Michael Cullen, the deputy prime minister and finance minister, announced last month at the Fund Executives Association Ltd (FEAL) Fund Forum in Wellington, NZ, that 670,000 people had signed up for Kiwi Saver after 11 months. This compares with the official forecast of 270,000 after a full 12 months. “So, we’re heading towards one million by the end of the year,” he told the forum, which was the first FEAL event held outside of Australia.

Under the scheme, the Government tips in NZ$1,000 as a kick-start, a tax credit of up to NZ$1,042.86, a fee subsidy and, if you qualify, a first home deposit subsidy. The scheme is not intended to be universal, targeting rather what Cullen called the third through to the eighth deciles of income earners. “Kiwi Saver is hitting the target well,” he said. “Through the early period the profile of the average member has changed: they are younger, with more and more under 35-40. About 180,000 are under 25. And contrary to predictions the majority are women and the take-up by Maori and Pacific Islanders is not much less than the others.”
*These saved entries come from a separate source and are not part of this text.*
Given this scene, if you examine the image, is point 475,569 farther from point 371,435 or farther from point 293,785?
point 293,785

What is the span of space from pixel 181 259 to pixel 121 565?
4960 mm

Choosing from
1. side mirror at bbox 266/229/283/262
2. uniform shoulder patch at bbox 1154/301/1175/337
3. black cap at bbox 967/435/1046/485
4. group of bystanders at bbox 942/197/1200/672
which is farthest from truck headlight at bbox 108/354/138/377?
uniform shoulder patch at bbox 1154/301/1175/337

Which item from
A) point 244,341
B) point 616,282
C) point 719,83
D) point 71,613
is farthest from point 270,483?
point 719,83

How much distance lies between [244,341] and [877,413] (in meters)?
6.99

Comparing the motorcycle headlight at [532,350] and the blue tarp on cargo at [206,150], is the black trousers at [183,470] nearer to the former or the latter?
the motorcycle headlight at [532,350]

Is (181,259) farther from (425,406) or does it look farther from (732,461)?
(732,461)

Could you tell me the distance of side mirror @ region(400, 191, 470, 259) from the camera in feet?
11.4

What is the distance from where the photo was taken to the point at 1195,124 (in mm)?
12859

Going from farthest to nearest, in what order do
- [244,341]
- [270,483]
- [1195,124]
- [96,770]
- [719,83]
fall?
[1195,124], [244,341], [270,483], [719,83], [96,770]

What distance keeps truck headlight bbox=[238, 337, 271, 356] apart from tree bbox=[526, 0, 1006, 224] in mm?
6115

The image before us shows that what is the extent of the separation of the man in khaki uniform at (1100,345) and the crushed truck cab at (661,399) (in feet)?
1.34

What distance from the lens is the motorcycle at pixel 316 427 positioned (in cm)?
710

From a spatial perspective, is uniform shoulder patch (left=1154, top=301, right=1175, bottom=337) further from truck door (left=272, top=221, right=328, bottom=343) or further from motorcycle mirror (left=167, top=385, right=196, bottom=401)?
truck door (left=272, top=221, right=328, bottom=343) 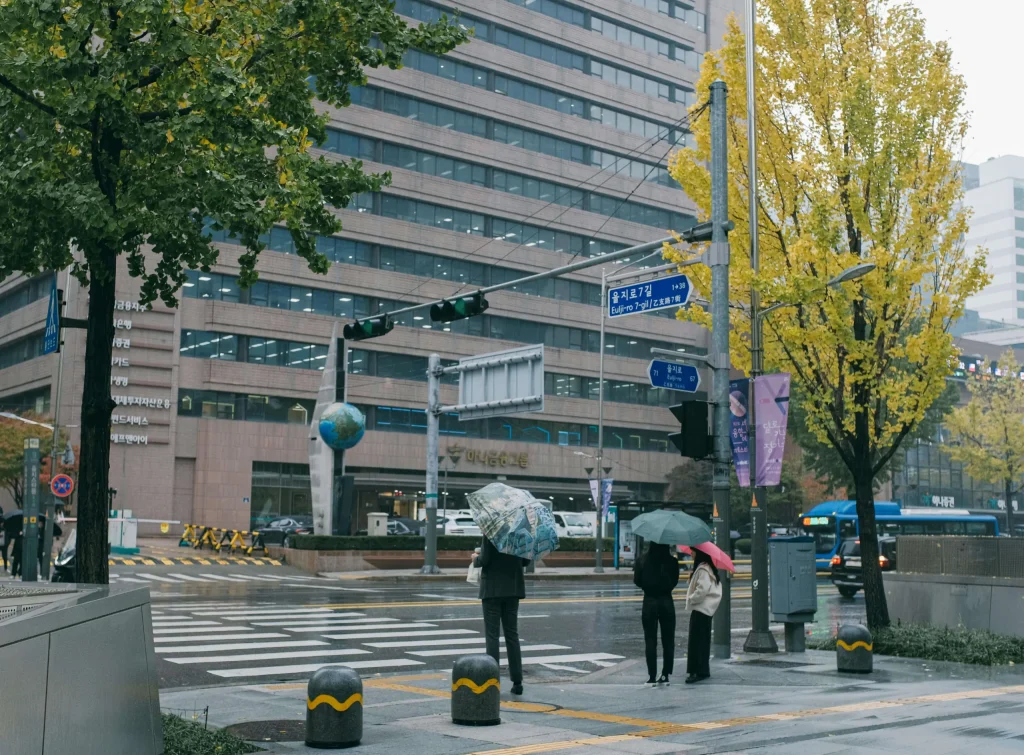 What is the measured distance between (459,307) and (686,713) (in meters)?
13.3

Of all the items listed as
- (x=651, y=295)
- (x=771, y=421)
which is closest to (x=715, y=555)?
(x=771, y=421)

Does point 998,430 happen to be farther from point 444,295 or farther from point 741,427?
point 741,427

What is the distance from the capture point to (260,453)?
62.1m

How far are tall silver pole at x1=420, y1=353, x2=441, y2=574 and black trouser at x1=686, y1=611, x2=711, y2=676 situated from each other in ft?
76.1

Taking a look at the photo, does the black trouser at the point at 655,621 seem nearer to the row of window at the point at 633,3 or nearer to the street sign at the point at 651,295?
the street sign at the point at 651,295

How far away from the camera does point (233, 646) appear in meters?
16.2

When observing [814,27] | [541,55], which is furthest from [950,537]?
[541,55]

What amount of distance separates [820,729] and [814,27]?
12008 millimetres

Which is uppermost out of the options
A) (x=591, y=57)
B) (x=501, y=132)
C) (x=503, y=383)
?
(x=591, y=57)

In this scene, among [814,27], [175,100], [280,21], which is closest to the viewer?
[175,100]

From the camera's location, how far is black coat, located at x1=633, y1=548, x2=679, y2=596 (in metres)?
12.0

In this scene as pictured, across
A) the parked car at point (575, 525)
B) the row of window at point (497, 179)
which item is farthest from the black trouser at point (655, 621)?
the row of window at point (497, 179)

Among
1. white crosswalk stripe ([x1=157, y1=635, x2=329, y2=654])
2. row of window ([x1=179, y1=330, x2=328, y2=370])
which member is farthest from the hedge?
Answer: white crosswalk stripe ([x1=157, y1=635, x2=329, y2=654])

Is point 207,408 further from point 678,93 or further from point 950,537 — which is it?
point 950,537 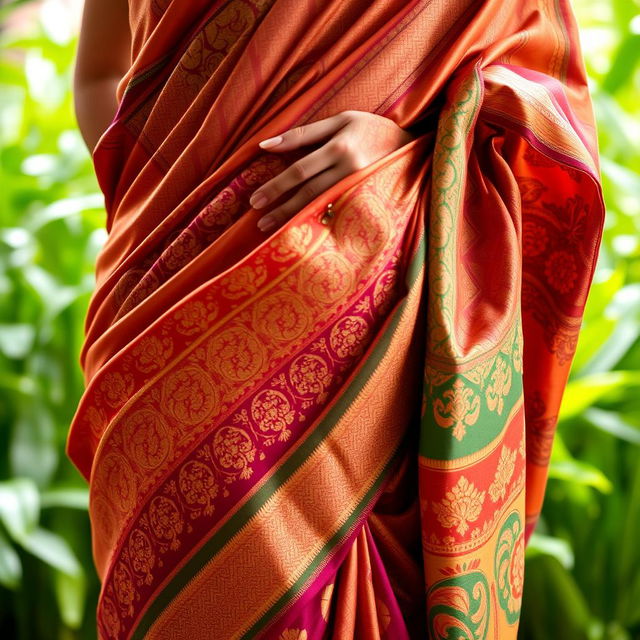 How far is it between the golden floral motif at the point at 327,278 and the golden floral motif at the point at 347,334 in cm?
2

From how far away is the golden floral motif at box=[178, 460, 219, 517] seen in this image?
2.32 ft

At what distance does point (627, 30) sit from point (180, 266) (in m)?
1.30

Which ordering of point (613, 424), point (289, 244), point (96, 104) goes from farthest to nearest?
point (613, 424) < point (96, 104) < point (289, 244)

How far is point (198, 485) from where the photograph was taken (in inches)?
28.0

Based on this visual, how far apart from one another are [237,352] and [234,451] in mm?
85

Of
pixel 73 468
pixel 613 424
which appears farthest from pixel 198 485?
pixel 613 424

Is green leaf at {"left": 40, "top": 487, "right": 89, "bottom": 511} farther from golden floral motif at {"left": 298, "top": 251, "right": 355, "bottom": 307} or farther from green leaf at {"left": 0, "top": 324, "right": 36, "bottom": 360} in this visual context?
golden floral motif at {"left": 298, "top": 251, "right": 355, "bottom": 307}

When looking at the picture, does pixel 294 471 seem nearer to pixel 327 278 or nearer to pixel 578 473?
pixel 327 278

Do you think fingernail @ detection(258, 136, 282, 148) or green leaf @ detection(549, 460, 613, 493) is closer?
fingernail @ detection(258, 136, 282, 148)

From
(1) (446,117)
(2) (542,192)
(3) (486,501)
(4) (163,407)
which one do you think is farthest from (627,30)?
(4) (163,407)

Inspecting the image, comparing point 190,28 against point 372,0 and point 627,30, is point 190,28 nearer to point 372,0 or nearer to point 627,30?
point 372,0

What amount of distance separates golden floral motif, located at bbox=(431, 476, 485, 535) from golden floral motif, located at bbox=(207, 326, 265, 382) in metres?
0.21

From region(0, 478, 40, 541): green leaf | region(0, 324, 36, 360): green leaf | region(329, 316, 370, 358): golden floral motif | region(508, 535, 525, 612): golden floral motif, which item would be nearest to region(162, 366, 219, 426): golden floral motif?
region(329, 316, 370, 358): golden floral motif

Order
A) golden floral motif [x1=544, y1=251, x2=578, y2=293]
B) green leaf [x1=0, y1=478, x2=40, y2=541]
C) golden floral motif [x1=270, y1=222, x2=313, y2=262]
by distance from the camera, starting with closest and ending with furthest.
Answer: golden floral motif [x1=270, y1=222, x2=313, y2=262]
golden floral motif [x1=544, y1=251, x2=578, y2=293]
green leaf [x1=0, y1=478, x2=40, y2=541] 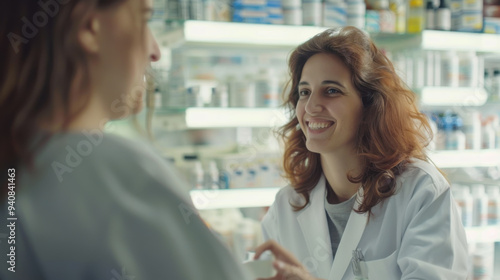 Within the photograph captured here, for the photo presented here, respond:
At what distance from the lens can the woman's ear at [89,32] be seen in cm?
37

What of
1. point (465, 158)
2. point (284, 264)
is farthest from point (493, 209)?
point (284, 264)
Importantly, he believed that Kiwi Saver was starting to change people’s attitudes to saving, from one which was very poor to one which focused on the long term. He thought that the take-up rate would be sufficiently high that any benefit from NZ moving to a compulsory scheme, which is often discussed but considered highly unlikely, would be marginal.

The Australian scheme was made possible because of a number of unique factors including a “highly centralised wage system” at the time. The other major initiative, the NZ Superannuation Fund, was created in 2001 and started investing, with $2.4 billion, in September 2003. The Government aims to put in another $2 billion each year for 20 years. The fund had $14.3 billion as at April this year. Like Australia’s Future Fund, NZ Super is a special purpose pension fund, rather than a foreign exchange or resources reserves-based sovereign wealth fund.
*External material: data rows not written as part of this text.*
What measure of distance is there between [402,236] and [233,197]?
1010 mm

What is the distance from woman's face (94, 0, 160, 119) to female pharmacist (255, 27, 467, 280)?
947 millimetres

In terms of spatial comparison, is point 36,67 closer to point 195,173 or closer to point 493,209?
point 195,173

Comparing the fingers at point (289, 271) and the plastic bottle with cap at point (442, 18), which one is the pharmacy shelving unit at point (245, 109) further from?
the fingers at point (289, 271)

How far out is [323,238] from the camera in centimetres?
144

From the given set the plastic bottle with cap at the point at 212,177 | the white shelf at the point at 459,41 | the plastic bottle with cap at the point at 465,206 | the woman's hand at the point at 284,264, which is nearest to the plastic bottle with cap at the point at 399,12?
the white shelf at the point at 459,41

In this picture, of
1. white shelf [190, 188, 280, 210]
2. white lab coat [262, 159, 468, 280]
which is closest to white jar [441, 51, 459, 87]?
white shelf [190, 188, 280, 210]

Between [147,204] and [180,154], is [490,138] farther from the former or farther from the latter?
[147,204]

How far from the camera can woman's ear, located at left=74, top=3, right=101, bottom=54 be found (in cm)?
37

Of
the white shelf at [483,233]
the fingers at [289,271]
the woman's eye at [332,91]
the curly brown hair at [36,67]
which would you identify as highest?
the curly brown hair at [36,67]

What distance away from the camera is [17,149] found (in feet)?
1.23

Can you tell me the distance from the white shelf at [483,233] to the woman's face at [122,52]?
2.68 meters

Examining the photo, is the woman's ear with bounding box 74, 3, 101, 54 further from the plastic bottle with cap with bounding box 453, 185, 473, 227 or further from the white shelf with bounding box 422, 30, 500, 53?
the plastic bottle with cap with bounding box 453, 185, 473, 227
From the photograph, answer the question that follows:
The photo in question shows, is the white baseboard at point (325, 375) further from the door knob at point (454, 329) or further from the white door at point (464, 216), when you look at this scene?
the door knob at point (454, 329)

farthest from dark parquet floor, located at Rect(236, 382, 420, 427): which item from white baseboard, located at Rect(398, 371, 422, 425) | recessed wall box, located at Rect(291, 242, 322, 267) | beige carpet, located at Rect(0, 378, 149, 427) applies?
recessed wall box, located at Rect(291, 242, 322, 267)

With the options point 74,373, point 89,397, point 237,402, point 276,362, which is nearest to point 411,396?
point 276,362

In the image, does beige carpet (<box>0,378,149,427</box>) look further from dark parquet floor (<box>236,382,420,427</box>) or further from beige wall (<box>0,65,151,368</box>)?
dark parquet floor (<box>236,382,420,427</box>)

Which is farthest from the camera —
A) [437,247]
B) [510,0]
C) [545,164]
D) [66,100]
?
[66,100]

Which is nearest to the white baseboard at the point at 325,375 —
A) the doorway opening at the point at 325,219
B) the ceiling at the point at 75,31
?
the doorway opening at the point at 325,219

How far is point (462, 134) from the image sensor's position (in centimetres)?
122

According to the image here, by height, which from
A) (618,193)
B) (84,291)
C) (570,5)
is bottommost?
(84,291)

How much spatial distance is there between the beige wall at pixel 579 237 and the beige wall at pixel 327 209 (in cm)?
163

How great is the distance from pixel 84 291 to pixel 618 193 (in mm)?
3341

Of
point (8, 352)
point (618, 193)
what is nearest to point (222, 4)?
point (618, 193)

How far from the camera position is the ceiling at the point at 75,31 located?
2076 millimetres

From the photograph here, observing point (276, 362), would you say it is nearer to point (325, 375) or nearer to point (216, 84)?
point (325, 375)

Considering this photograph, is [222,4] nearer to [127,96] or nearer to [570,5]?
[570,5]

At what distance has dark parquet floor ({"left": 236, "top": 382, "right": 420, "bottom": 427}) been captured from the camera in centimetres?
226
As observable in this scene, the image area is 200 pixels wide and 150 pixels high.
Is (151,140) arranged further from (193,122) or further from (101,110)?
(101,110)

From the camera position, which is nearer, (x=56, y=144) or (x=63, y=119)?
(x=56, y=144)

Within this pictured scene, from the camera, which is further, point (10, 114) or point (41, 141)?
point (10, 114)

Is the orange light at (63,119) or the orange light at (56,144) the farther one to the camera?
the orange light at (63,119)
The money will offset the general pension drain from an ageing population in which the number of retired people will double by 2050. The fund is expected to total about $109 billion by 2025. Amazingly, it is expected to be worth about half of NZ’s GDP by 2040, before it starts to tail off due to drawdowns.

Adrian Orr, NZ Super’s chief executive, spoke at the FEAL forum about the fund’s asset allocation and investment policies, including ways it could take advantage of its liquidity and long-term horizon, such as being a lender to sound-but-illiquid investments.
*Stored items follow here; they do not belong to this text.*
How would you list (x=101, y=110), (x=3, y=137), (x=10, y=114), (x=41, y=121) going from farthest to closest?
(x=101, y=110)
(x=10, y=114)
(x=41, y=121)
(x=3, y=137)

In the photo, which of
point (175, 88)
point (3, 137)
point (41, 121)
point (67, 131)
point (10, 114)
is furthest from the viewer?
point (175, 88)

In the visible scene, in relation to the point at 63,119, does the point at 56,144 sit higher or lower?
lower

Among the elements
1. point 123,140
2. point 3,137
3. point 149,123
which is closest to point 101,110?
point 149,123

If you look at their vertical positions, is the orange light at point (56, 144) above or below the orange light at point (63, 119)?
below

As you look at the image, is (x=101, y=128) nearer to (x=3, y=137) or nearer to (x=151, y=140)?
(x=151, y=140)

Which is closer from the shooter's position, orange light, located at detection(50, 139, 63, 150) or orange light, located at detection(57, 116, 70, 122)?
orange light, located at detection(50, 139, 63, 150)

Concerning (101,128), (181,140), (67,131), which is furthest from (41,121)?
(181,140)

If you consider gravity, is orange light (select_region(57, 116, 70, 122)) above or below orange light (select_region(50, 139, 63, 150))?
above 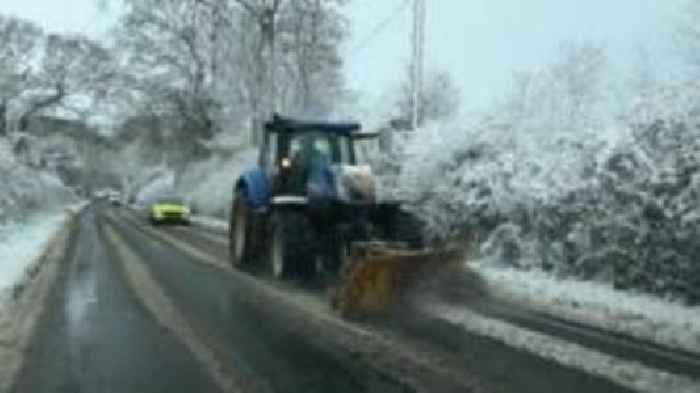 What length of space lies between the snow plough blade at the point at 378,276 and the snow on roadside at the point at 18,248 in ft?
14.0

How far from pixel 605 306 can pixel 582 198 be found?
11.5 ft

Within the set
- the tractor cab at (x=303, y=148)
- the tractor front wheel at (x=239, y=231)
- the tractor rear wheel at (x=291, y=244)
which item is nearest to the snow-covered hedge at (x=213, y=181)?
the tractor front wheel at (x=239, y=231)

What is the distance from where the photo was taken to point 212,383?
10.2m

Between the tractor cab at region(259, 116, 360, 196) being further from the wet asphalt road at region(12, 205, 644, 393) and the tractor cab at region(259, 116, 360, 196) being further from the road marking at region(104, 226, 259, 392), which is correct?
the wet asphalt road at region(12, 205, 644, 393)

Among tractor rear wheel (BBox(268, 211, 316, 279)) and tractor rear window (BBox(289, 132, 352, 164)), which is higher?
tractor rear window (BBox(289, 132, 352, 164))

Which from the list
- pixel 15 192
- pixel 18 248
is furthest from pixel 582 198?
pixel 15 192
The tough market conditions had a silver lining for the fund because everything was at a discount, he said. The fund prides itself on being among the most transparent in the sovereign wealth fund universe studied by the Peterson Institute for International Economics in Washington, among other bodies. Its website, nzsuperfund.co.nz, is well worth a look.

NZ Super has also been a trend setter in responsible investing, from the early days under its inaugural chief executive, Paul Costello. Costello, who now runs the Future Fund, recently said that the Future Fund was developing its policy on environment social and governance issues and this should be finalised later this year.

A recent policy initiative of NZ Super was to announce that it would terminate investments in companies which made “cluster bombs”. The fund estimated that it had $26 million in companies identified by an external screening agency as potentially being involved in some way in the manufacture of the bombs. Cluster bombs will be prohibited under a convention which is open for signature at the end of this year. They include a large number of bombs which are scattered and often involve taking civilian lives long after the initial explosion.

Orr told the FEAL forum that NZ Super viewed exclusions from investments, such as that, as a last resort, after “engagement” with the company did not have the desired effect.

The forum was sponsored by BNP Paribas Securities Services, which is the only global custodian that has a significant presence in NZ, with a local staff of about 60.